* **WORK TASK**:
Exactly reproduce the line containing "Automatic PVA Pellet" and all later lines to the end of the entries, leaving the pictures out of your copy.

* **PROVIDED INFORMATION**:
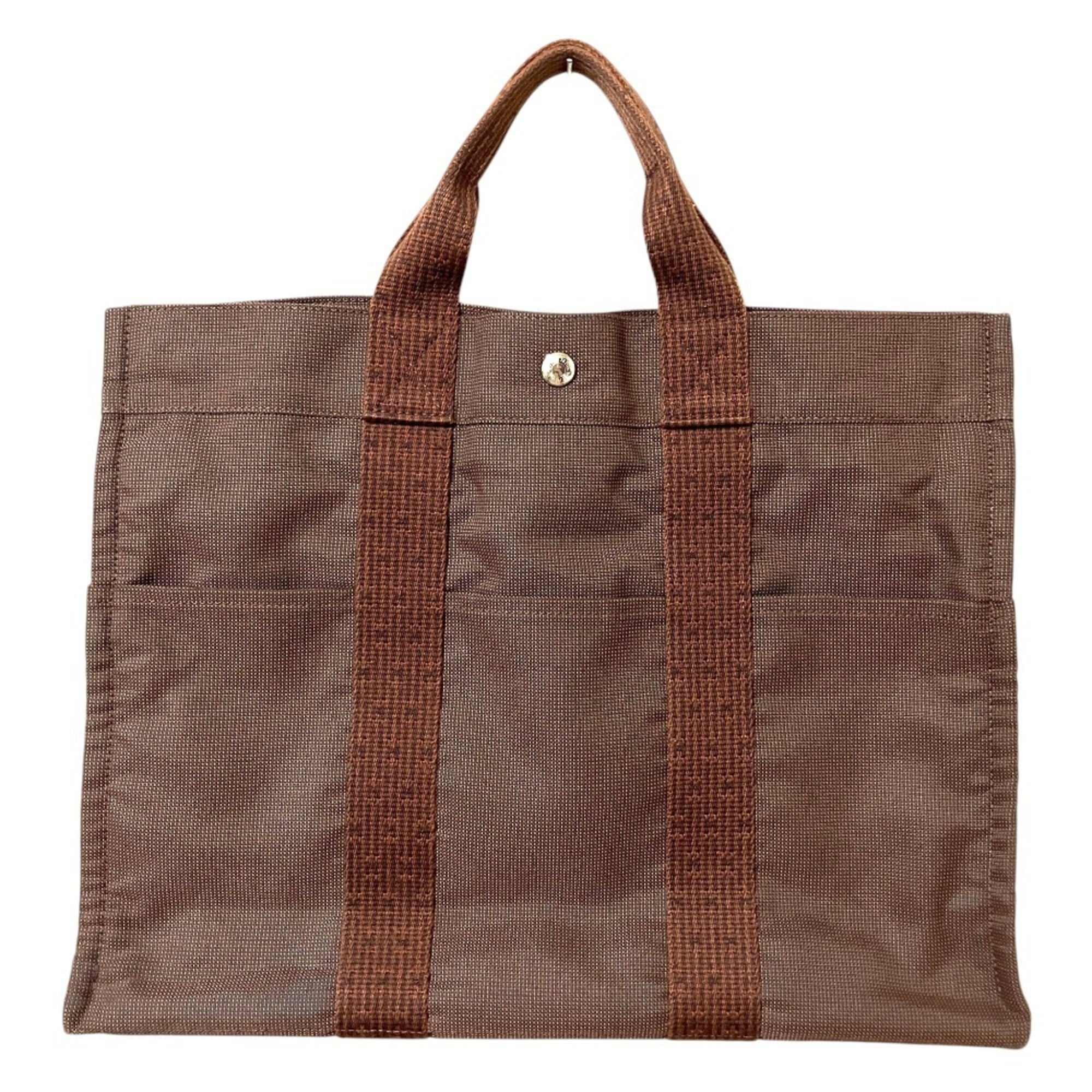 Hermes Brown Tote Bag (Pre-Owned)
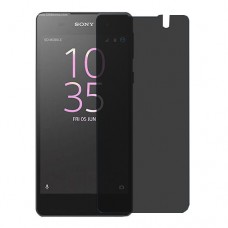 Sony Xperia E5 защита экрана пленка гидрогель конфиденциальность (силикон) Одна штука скрин мобиль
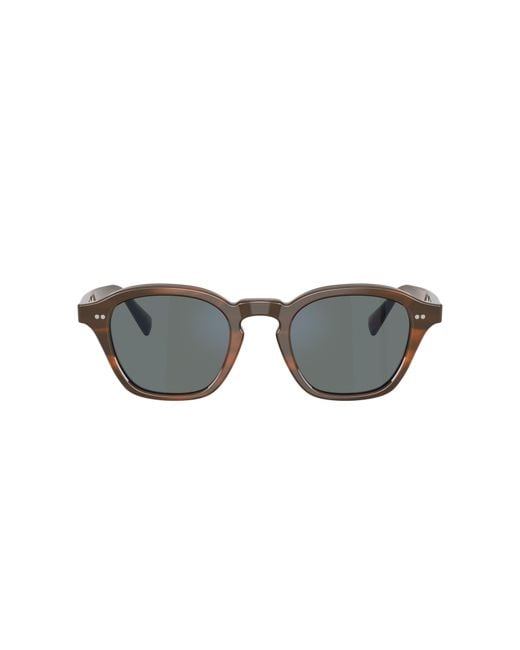 Oliver Peoples Black Sunglass Ov5580su Eyles
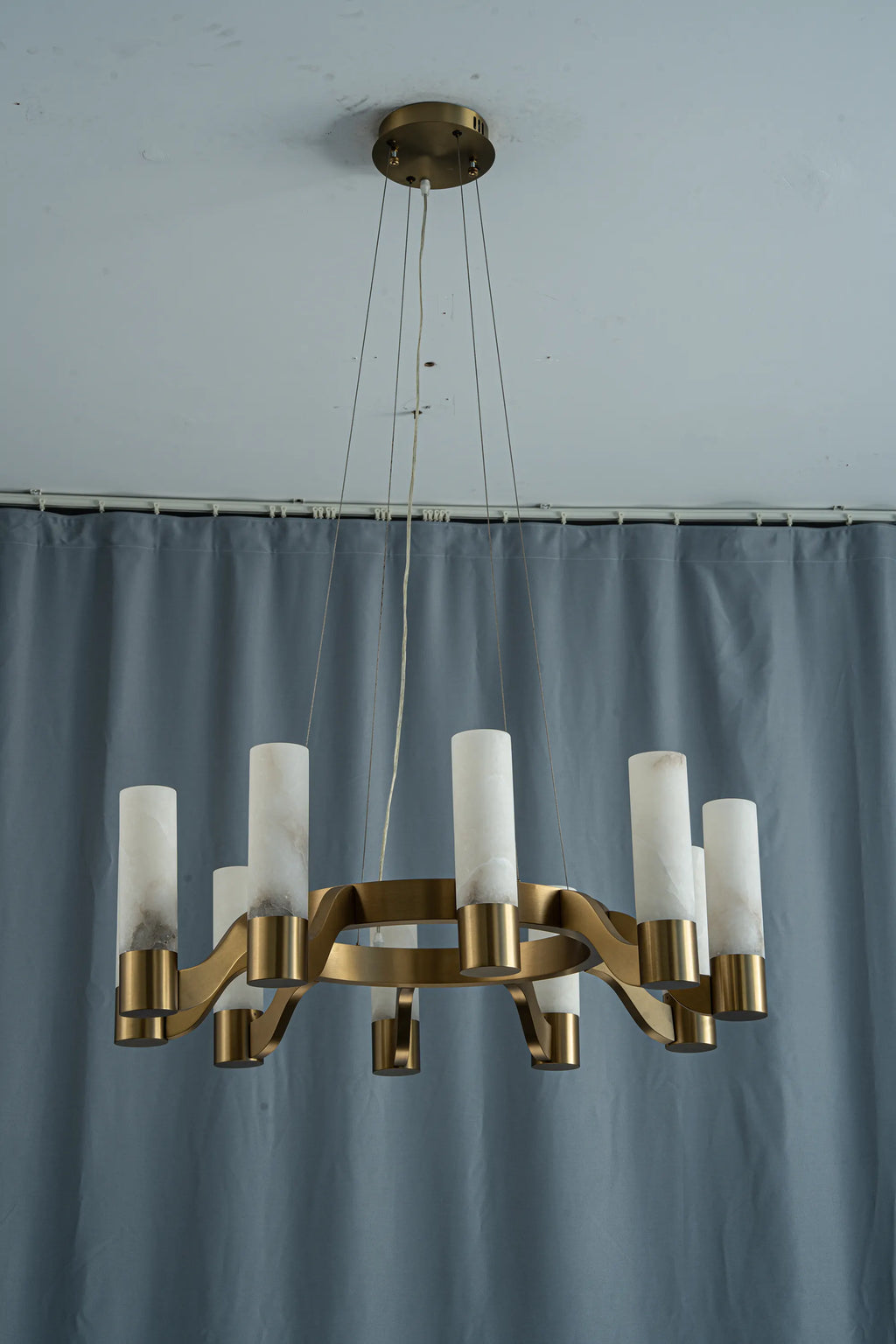 Aurelia 10-Light Alabaster Chandelier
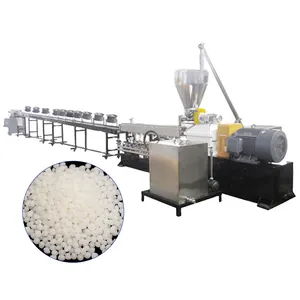 Automatic PVA Pellet Production Line Water Soluble PVA Granules Making Machine For Injection And Blow Plastic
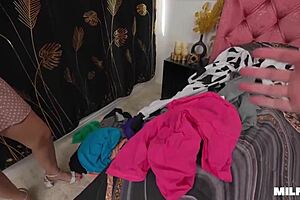 my stepmom gets really mad at me today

* **RESPONSE TO THE EXERCISE**:
 Automatic PVA Pellet Production Line Water Soluble PVA Granules Making Machine For Injection And Blow Plastic
 my stepmom gets really mad at me today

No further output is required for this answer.